STAN: (OFF) Just bringing it round now.
MECHANIC: You can pick your car up in the car park Mrs. Johnson. Be lucky.
SMITH: Excuse me.
MECHANIC: Good afternoon squire. What can we do for you?
SMITH: I was wondering if you could fix this for me?
MECHANIC: Well it's mostly cars we fix here mate but I'll get it up on the ramp and have a look. What is it? An economy?
SMITH: Yes. I'm afraid we haven't looked after it very well and now the credit is making a nasty crunching sound.
MECHANIC: (SUCKING NOISE) Sounds like your central bank collateral has gone mate. What's it got on the clock?
SMITH: About a 40 billion pound deficit.
MECHANIC: So it's definitely due a service. Ah (BEAT) here's one of your problems. It's a ringer.
SMITH: What do you mean?
MECHANIC: Not all the parts are original. It's been cut up and stuck together from other bits. Look here squire, the sub-prime mortgage and hedge fund policies have been crudely welded on from an American model.
SMITH: Is that bad?
MECHANIC: Well it's certainly knackered your warranty. Let's see if we can get it started. I'll just lower this interest rate and see if it gets going again.
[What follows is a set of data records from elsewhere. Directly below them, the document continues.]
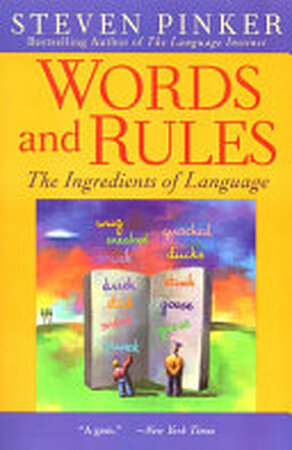 Words and Rules - Steven Pinker Words and Rules - Steven Pinker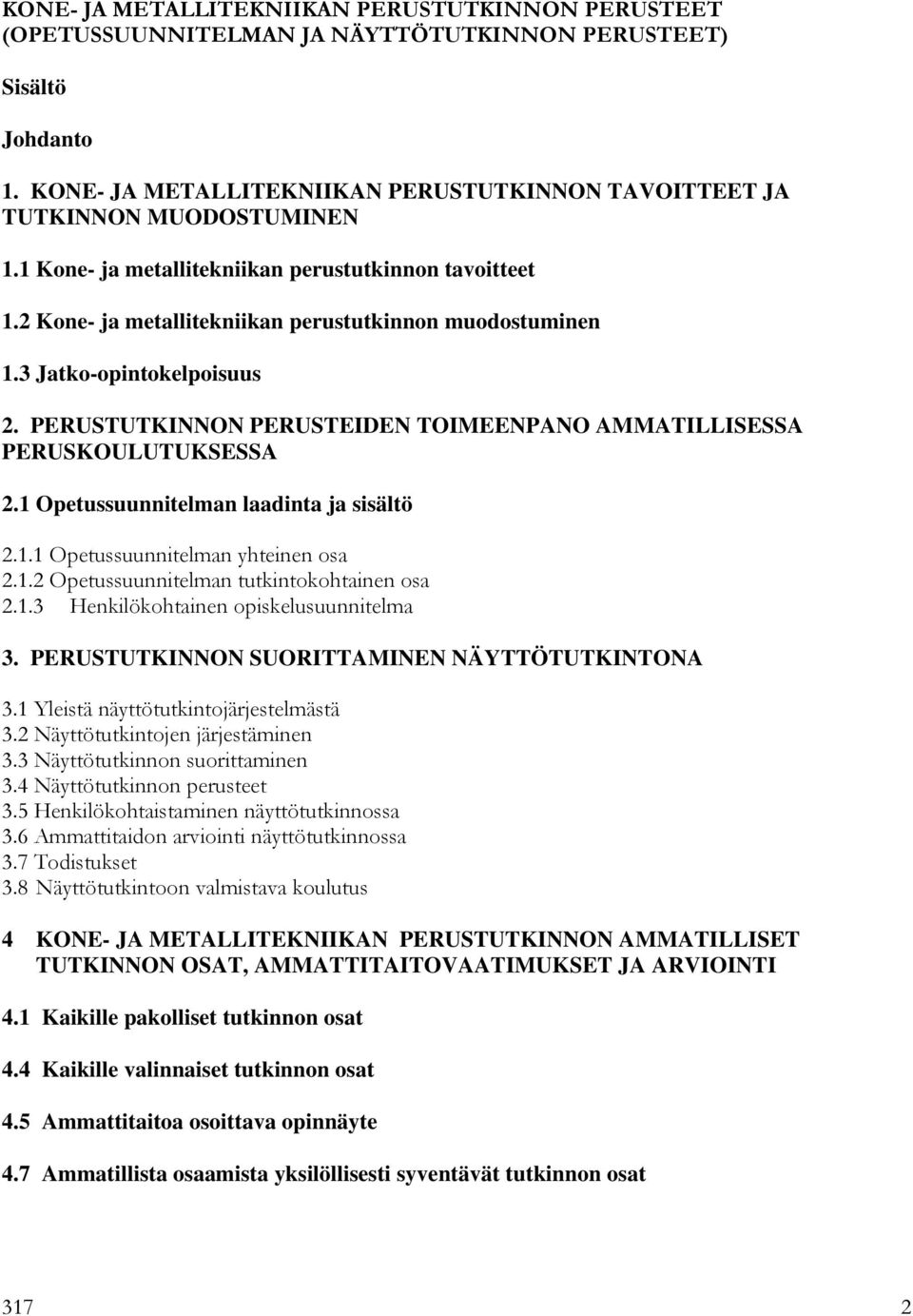 3 Jatko-opintokelpoisuus 2. PERUSTUTKINNON PERUSTEIDEN TOIMEENPANO AMMATILLISESSA PERUSKOULUTUKSESSA 2.1 Opetussuunnitelman laadinta ja sisältö 2.1.1 Opetussuunnitelman yhteinen osa 2.1.2 Opetussuunnitelman tutkintokohtainen osa 2.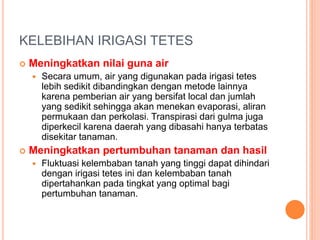 KELEBIHAN IRIGASI TETES 
 Meningkatkan nilai guna air 
 Secara umum, air yang digunakan pada irigasi tetes 
lebih sedikit dibandingkan dengan metode lainnya 
karena pemberian air yang bersifat local dan jumlah 
yang sedikit sehingga akan menekan evaporasi, aliran 
permukaan dan perkolasi. Transpirasi dari gulma juga 
diperkecil karena daerah yang dibasahi hanya terbatas 
disekitar tanaman. 
 Meningkatkan pertumbuhan tanaman dan hasil 
 Fluktuasi kelembaban tanah yang tinggi dapat dihindari 
dengan irigasi tetes ini dan kelembaban tanah 
dipertahankan pada tingkat yang optimal bagi 
pertumbuhan tanaman. 
 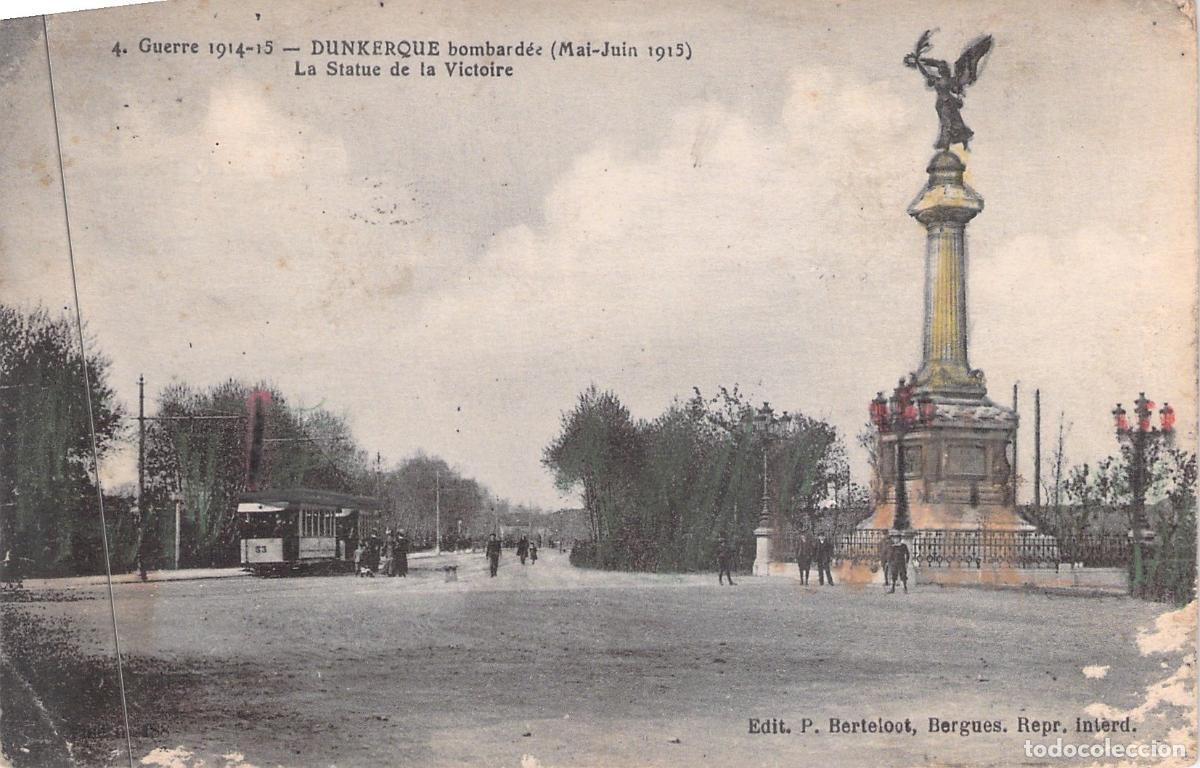Postales: Postal de Dunkerque: Estatua de la Victoria y Tranv&iacute;a durante la Gran Guerra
F/X: CAR ENGINE TURNING OVER BUT NOT STARTING
MECHANIC: No, that didn't work. (BEAT) Hang on mate, I've had a thought. Stan!...Stan! Have we got a replacement foreign exchange rate for a G8 capitalist-orientated mixed economy?
STAN: (OFF) I used the last one to fix the balance of payments on that dodgy trade deficit that came in last week.
MECHANIC: Sorry squire, I'm going to have to order one in. Could take a week or so. We can lend you our courtesy economy? It's partly nationalised and will probably cost more than it will save in the long run but it should be OK for now.
SMITH: I guess that will do. But you're sure you'll be able to fix it?
MECHANIC: Yeah, no problem. I'll give you a call when it's back up and running. Be lucky squire.